The NDVI-Cws method is therefore potentially useful for monitoring the water resources of Mediterranean olive groves. To reach this objective, however, the method should be adapted to cope with the spatially fragmented, two-layer structure of these groves. Contemporaneously, the method should be fed with widely available conventional and remote sensing datasets, without the need for a site-specific calibration which would limit its operational applicability. The current paper aims at evaluating this possibility using an experimental olive orchard in Central Italy. The proper characterization of this orchard requires the integration of remote sensing data with different spatial and temporal resolutions (i.e., MODIS, Landsat 8-OLI and Ikonos imagery). The olive tree transpiration estimates are first evaluated against daily sap flow measurements taken during part of the examined growing season (2013). Then, the ET_A estimates of trees and grasses are combined with precipitation data to obtain a simplified site water balance, which is assessed through comparison with daily measurements of soil water content (SWC).

2. Materials and Methods

2.1. Study Area

The study was conducted on an experimental olive orchard (Olea europaea L., cv. Leccino) situated in an agricultural area near Follonica, Tuscany (Central Italy, 42°55′58″N, 10°45′51″E; 17 m a.s.l.) (Figure 1). The area shows a typical sub arid Mediterranean climate with a mean annual air temperature of 16 °C. January is the coldest (9 °C) and July the warmest month (24 °C) and the mean diurnal thermal range is 9–10 °C. The mean annual precipitation is 650 mm, mostly concentrated in autumn and spring, while in summer precipitation is very scarce. Soil has a total depth of about 3 m; its surface layer (about 0.5 m) is silty loam, with a low amount of organic matter.

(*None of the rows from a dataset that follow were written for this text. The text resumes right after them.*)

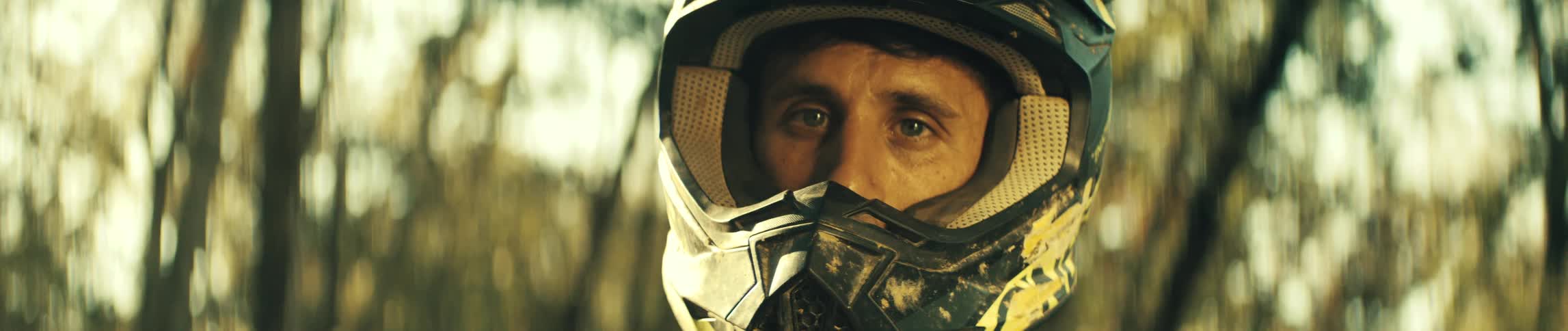 A man outdoors with a helmet on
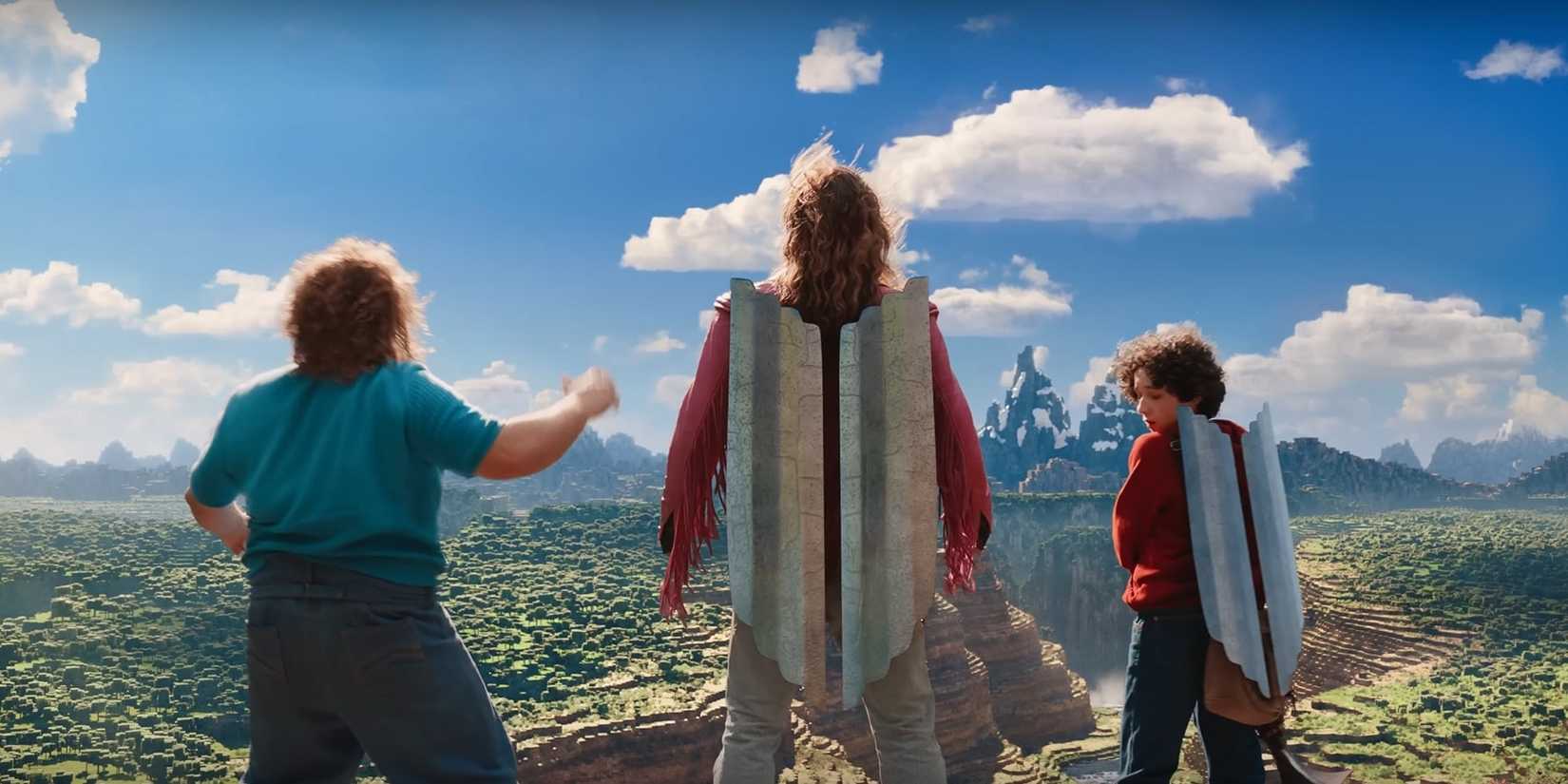 Jack Black as Steve standing next to Jason Momoa as Garrett and Sebastian Hansen as Henry with elytras on in A Minecraft Movie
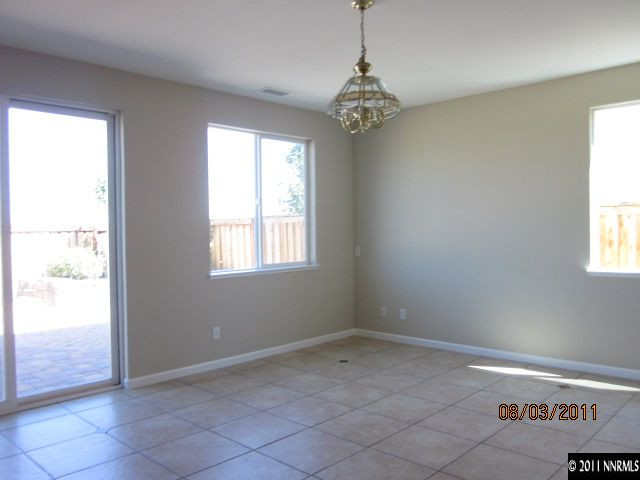 11109 Messina Way Reno, NV 89521 - Photo 4 of 11 a view of a chandelier in a room and a window
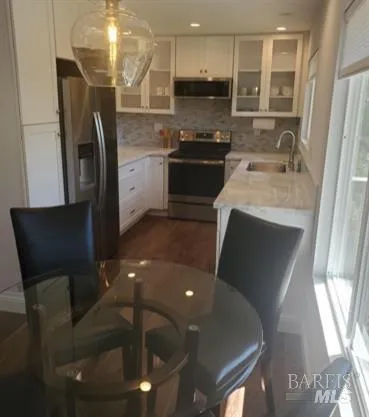 a kitchen with stainless steel appliances granite countertop a refrigerator a stove a sink a dining table and chairs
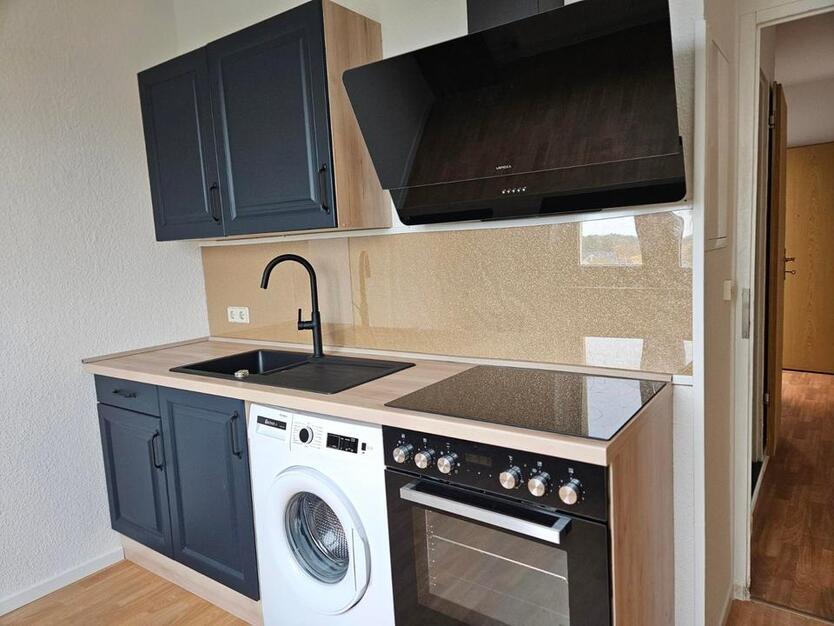 48 qm-große Ein-Zimmnerwohnung mit Einbauküche zum Verkauf zimmer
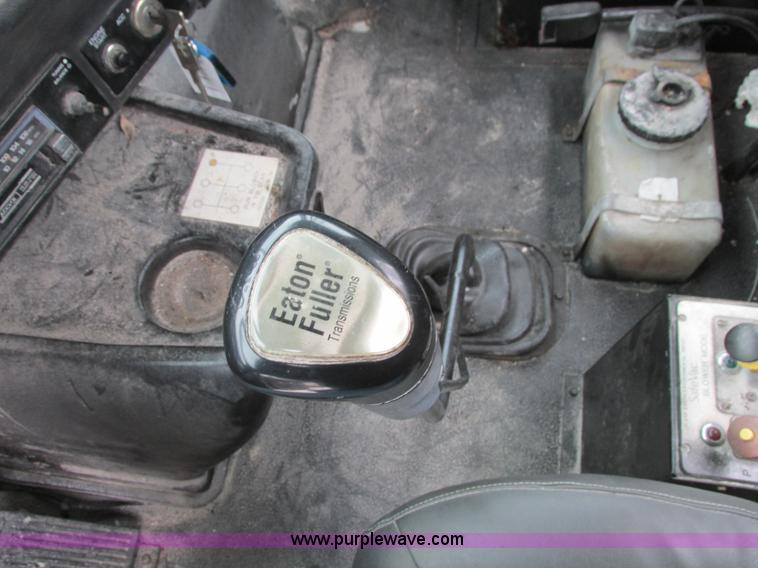 image for item I4086 1998 Volvo WG 64 Jetter vacuum truck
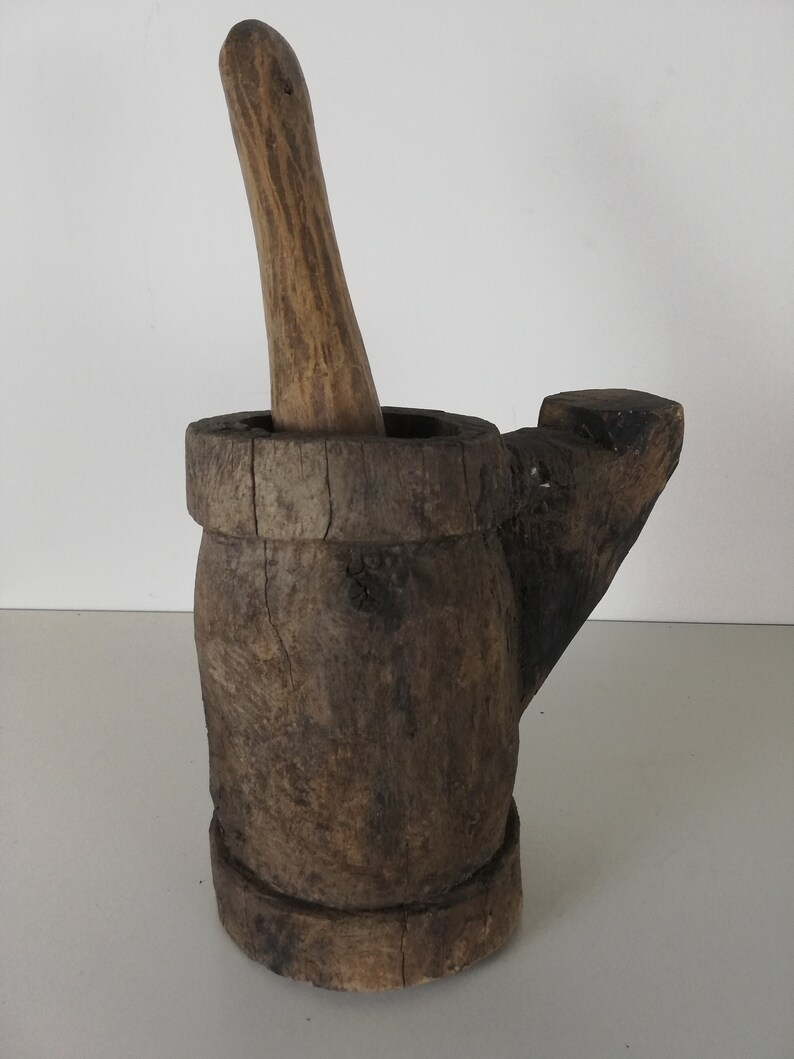 May include: A wooden mortar and pestle set. The mortar is brown and has a handle on the side. The pestle is also brown and has a rounded end.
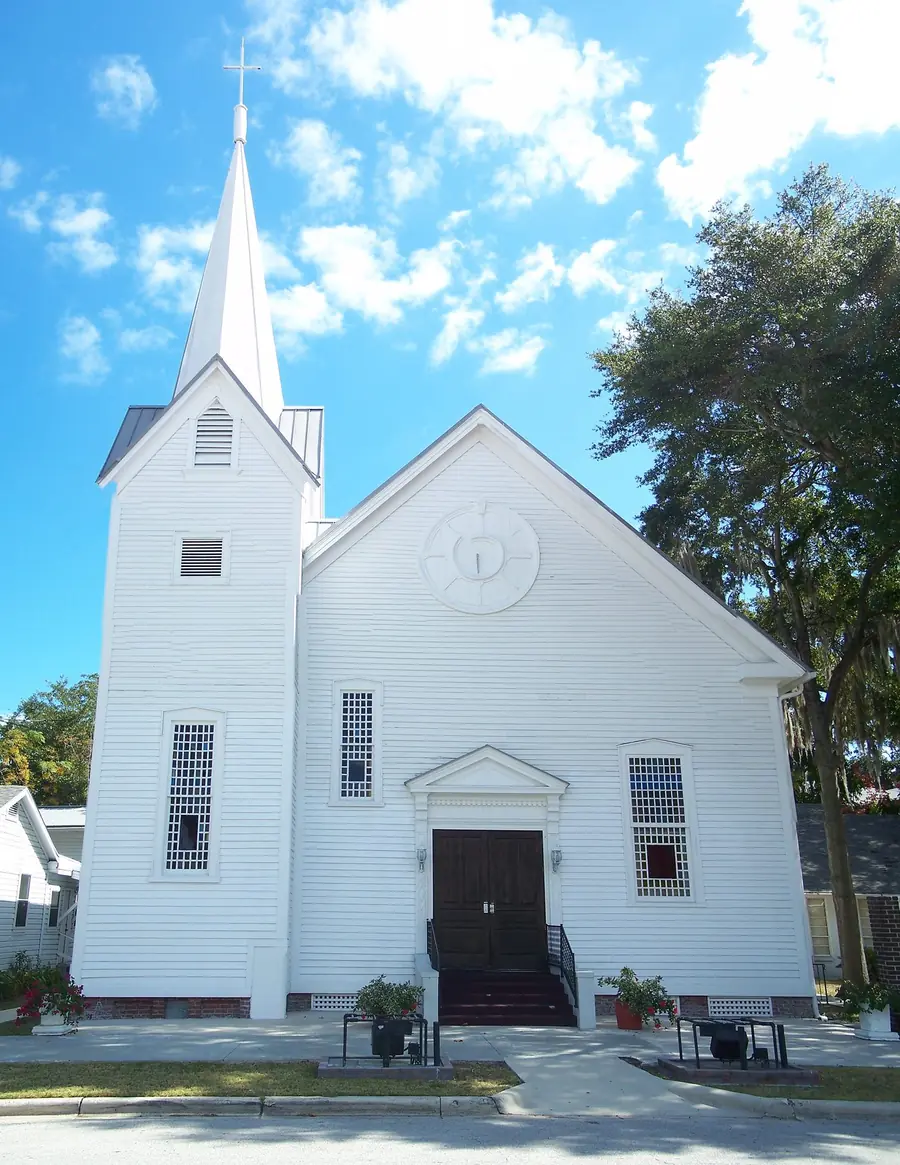 The white wood-frame sanctuary of First Missionary Baptist Church with its tall steeple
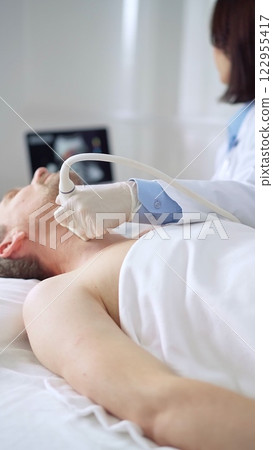 Doctor performing neck ultrasound exam on male patient Doctor performing neck ultrasound exam on male patient 122955417
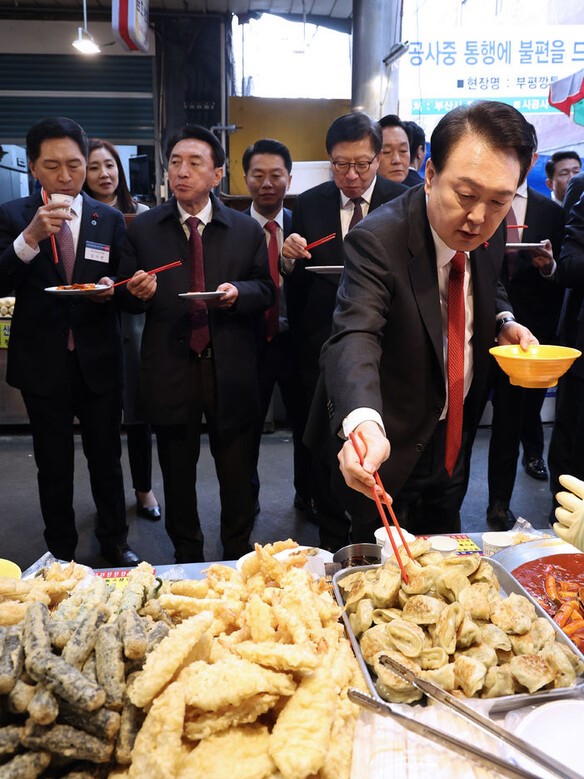 윤석열 대통령이 지난 6일 부산 중구 깡통시장을 방문해 젓가락으로 만두를 뒤적거리고 있다. 대통령실통신사진기자단. 2023. 12. 6. 연합뉴스  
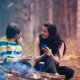 Two women sitting in front of a campfire and talking with each other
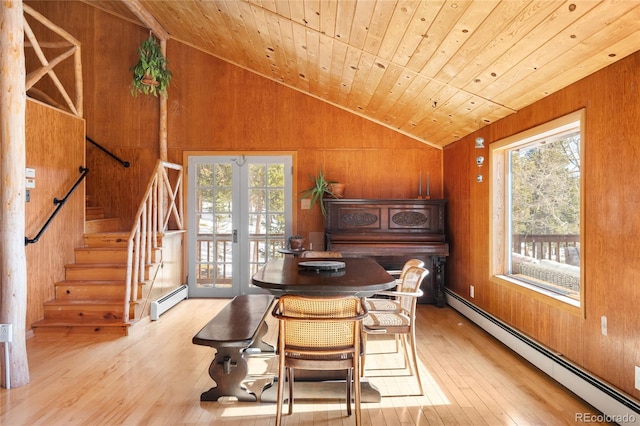 dining area featuring a baseboard radiator, vaulted ceiling, and wood walls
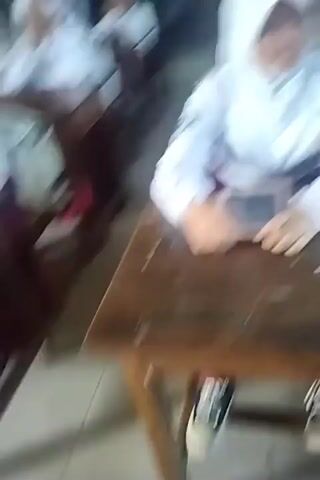 The video shows a classroom setting with students seated at desks. A teacher, wearing a red patterned shirt and a hijab, is standing and gesturing, seemingly addressing the students. Several students are wearing white shirts and headscarves, typical school uniforms. One student, a boy, is standing between the rows of desks, also appearing to be addressed by the teacher. Some students are looking at their devices, possibly tablets, placed on their desks. The classroom environment appears to be well-lit with natural light coming from windows. The overall scene suggests an educational activity or discussion taking place in a school.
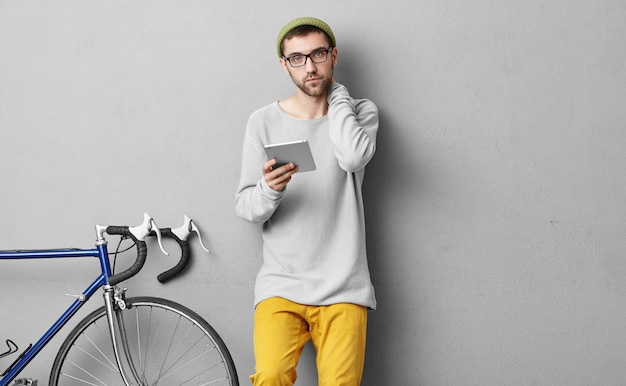 Giovane turista barbuto che tiene in mano una tavoletta moderna, alla ricerca di un percorso dove andare e cosa esplorare dopo con la sua bicicletta. Ragazzo alla moda con gadget moderni a casa prima di andare in bicicletta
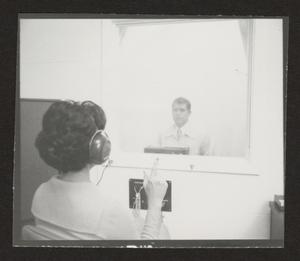 [Woman participates in a hearing evaluation, 2]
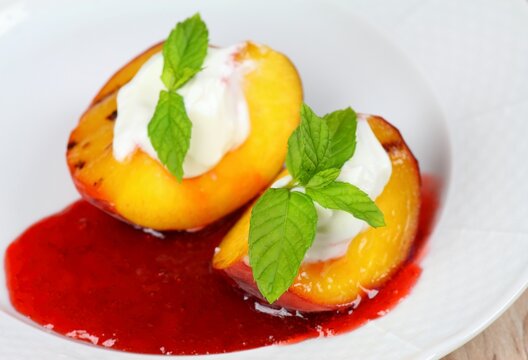 Grilled peaches with mascarpone and strawberry jam on white plate.  Decorated with young leaves of fresh mint.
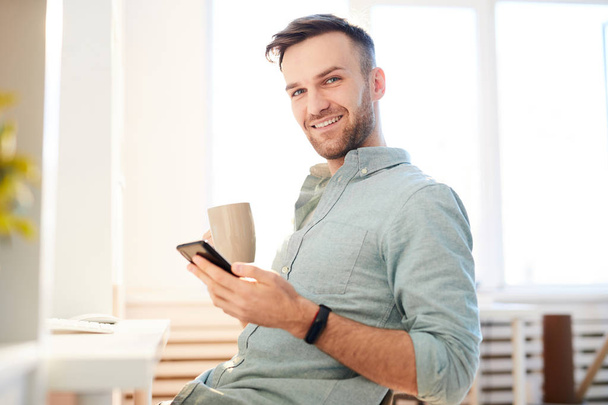 Taillenhoch Porträt eines hübschen jungen Mannes, der es sich am Arbeitsplatz mit einer Tasse Kaffee gemütlich macht und in die Kamera lächelt, Kopierraum - Foto, Bild
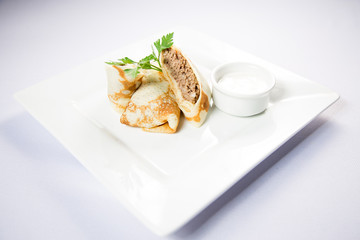 pancakes with meat and sour cream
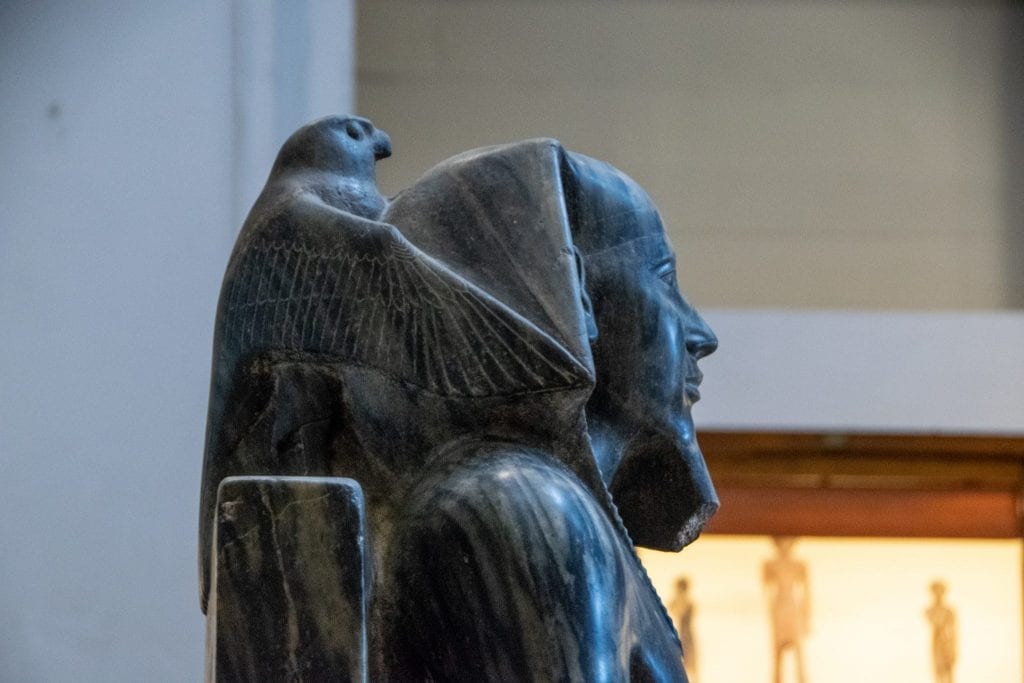 statue of a pharoah with a bird on his back in the egyptian museum in cairo egypt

This olive orchard has been the subject of numerous studies, during which it has been fully characterized from an eco-physiological point of view (e.g. [28,29]). The orchard is mostly surrounded by other olive groves having varying tree densities and ages and extends over an area of about 0.1 ha, which was planted in 2003 with a 4 m × 4 m spacing [29]. In 2013, the mean height of the olive trees was about 3 m (Figure 2). Inter-tree areas are generally covered by several herbaceous native species. The olive orchard, usually grown in rainfed conditions, is managed with low intensity pruning of the canopy performed in February every year, while the herbaceous coverage of the soil is controlled by three to four passages made by a lawn mower along the vegetative season. The natural grass coverage results almost completely dried during the summer period.

2.2. Datasets

The current study utilized two datasets. The first, composed of satellite images and spatialized ancillary data, was used to drive the model applications; the second, composed of ground observations, was used to assess the model estimates.

2.2.1. Model Drivers

Standard meteorological data (i.e., air temperature and precipitation) were retrieved from a complete 1-km dataset of the Environmental Modelling and Monitoring Laboratory for Sustainable Development (LaMMA Consortium, Tuscany Region). These data were interpolated from the regional meteorological network applying the DAYMET algorithm [30].

Soil information on texture and depth was derived from the soil map of Tuscany produced by Tuscany Regional administration (see http://sit.lamma.rete.toscana.it/websuoli/).

MODIS NDVI images of 2013 were freely downloaded in a pre-processed format from the USGS database (http://lpdaac.usgs.gov). These images have a 250 m spatial resolution and are composited over 16-day periods.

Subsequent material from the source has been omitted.